This month the country took the first steps down a very important road – the expansion of broadband access to all Americans. Included in the Obama Administration’s $787 billion stimulus package is $7.2 billion for grants and loans designed to expand broadband access in the United States. For the first time our government has, in effect, said that broadband access is a “right” and is using substantial public funds to make it happen.
So here are the basics. The bulk of the funds — $4.7 billion – will be distributed through the National Telecommunications and Information Administration (NTIA), and the rest through the Rural Utilities Service (RUS) program out of the Dept. of Agriculture. The FCC has launched www.broadband.gov and has committed to having a national broadband policy by next spring. The format for applications has been set (NOFA in DC speak) and applications are being solicited. Let the expansion begin!
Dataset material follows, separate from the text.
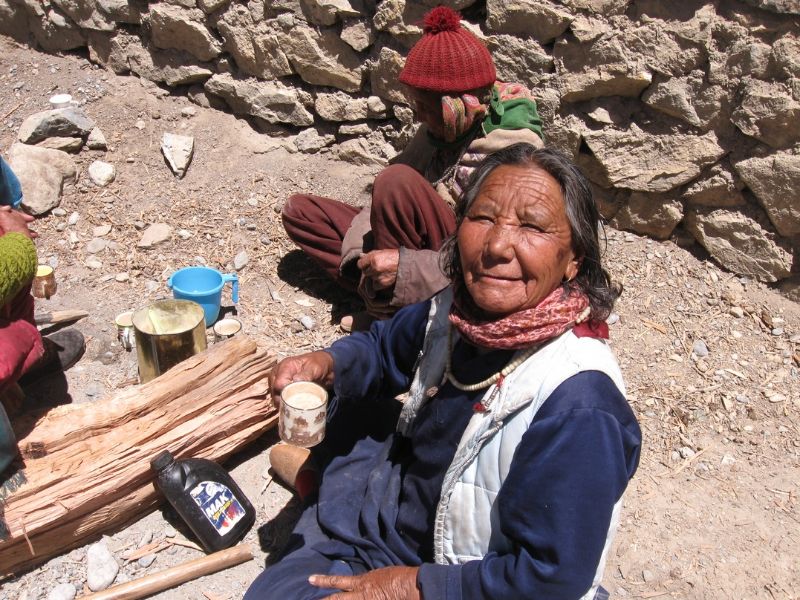 Тибетская женщина предлагает мне чай. Селение Киибер. Высота 4 200 м. Малый Тибет.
Of course, it isn’t that simple. Step one is understanding exactly what all the terms used by the FCC actually mean when it comes to underserved areas. A blog post from Tellabs, a major telecom equipment manufacturer, has a good glossary here.
Another wrinkle — there is no map that shows exactly the extent of broadband availability today. In fact the stimulus dollars set aside $350 million for the purpose of creating such a map. But existing service providers have been fighting against releasing detailed information, claiming such info is proprietary.
And there may be drawbacks to casting too wide a net in an attempt to be transparent and inclusive. Blair Levin, former chief of staff to the FCC under Commissioner Reed Hundt and now point man for broadband at the agency, is none to impressed with the quality of public comments to date. He told this to Reuters and some other news outlets. And the NTIA is asking for applicants to volunteer as reviewers for broadband funding — isn’t some kind of expertise required?
So the story is just starting to be written, and the devil is most certainly in the details. But hey, just last year the FCC was defining broadband as anything over 200 kpbs! Lots of progress has been made, billions have been made available and we seem to be moving in the right direction. We should all watch carefully how this noble experiment unfolds.